Hillary Clinton knows this. The news that she has won a decisive victory over Bernie Sanders in the Big Apple has further cemented her position as the most likely to scoop the Democratic nomination.
Interestingly, at the heart of her campaign, there is something that no other presidential candidate truly has in this race. In one word, it is "collaboration" (and I’m not just talking about George Clooney’s fundraising – though that is one aspect).
Clinton’s support from her family, the desire (politics aside) for history to be made by electing the first female president and her White House connections mean she is a product of collaboration. Synonyms for collaboration include alliance, partnership, participation. For better or for worse, the Clinton vote has this in spades.

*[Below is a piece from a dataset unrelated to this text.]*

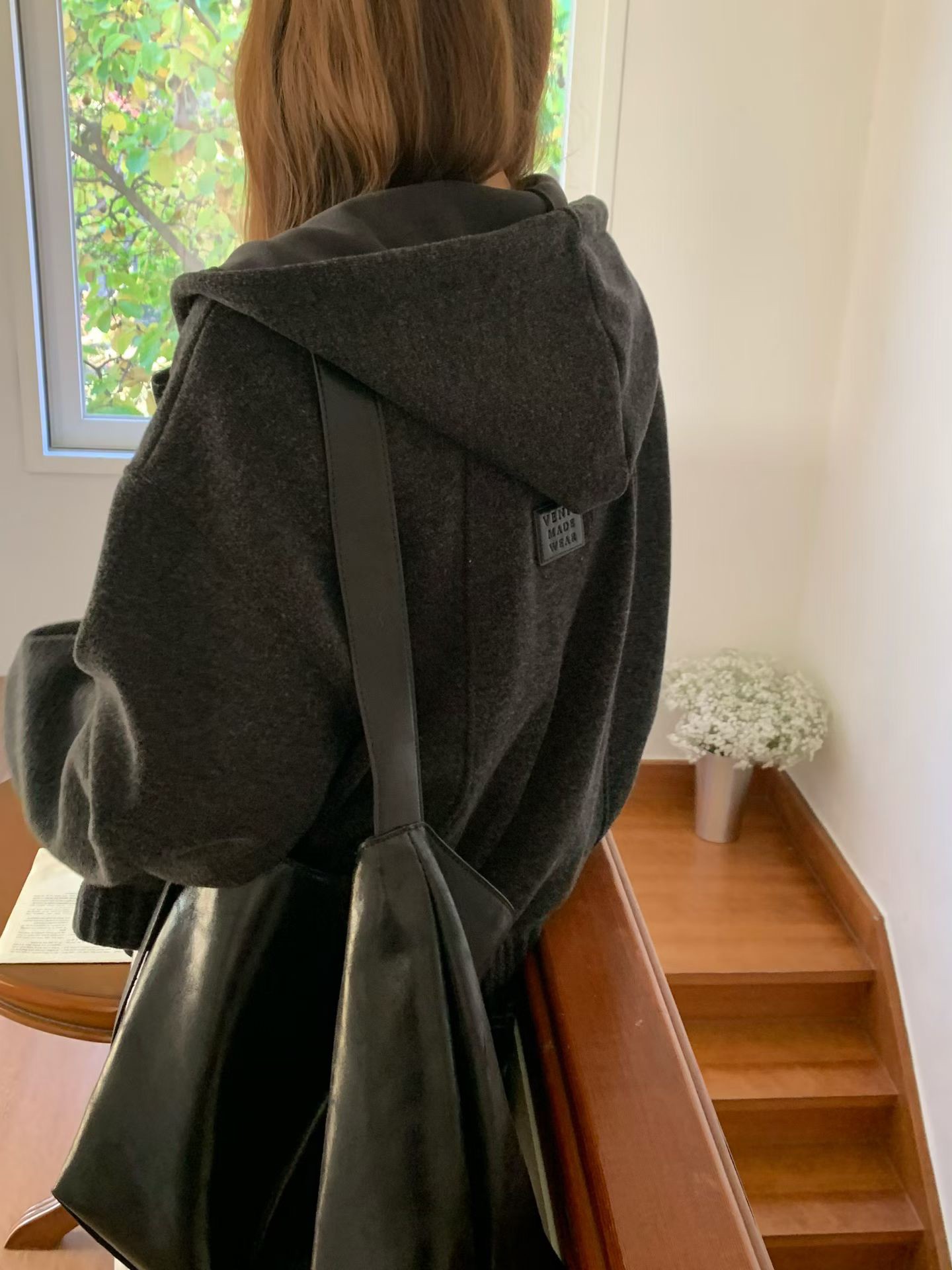 A75.輕鬆可愛連帽拉繩外套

The agency world has been talking about collaboration for some time now. These days, it is a must in any market. Or at least the expectation is there from progressive brands such as PepsiCo, which is challenging its agencies to rip up the old, tired agency model and "design for disruption". Do I see this approach in the US agency/client landscape at the moment? Honestly, not as much as I would like.

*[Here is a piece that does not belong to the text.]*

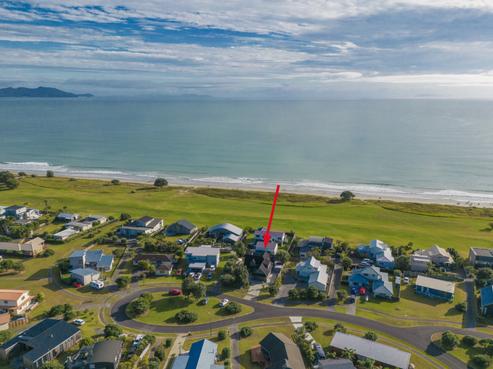 134 Puka Crescent, Matarangi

In order to transform to what we shall call agency 2.0, it’s important to understand what it really takes to become a new-model creative company.
It starts with culture: a place that has the right people, the right infrastructure and, more importantly, the right tools to collaborate with anyone, from anywhere. Powerful, right? For example, we operate on Google for Work. It allows our teams in any office around the world to collaborate, chat and share in real time, delivering faster, more dynamic ways of working for ourselves and with our clients, if they share the same values.
I would say, across our offices in New York, London and Manchester, we are 30 per cent more productive since we changed the way we worked three years ago. So imagine what can be achieved for global business. As global employers, we need to adapt to a global economy, outsource for specialised excellence and, as technology makes it possible to be effective with global working teams, it brings complementary partnerships closer.
This all needs to be embraced. It works. Trust me. It gets employees more engaged, sharing ideas and collaborating across departments and with brands. The results can be mind-blowing, as I’m sure Clinton is about to find out.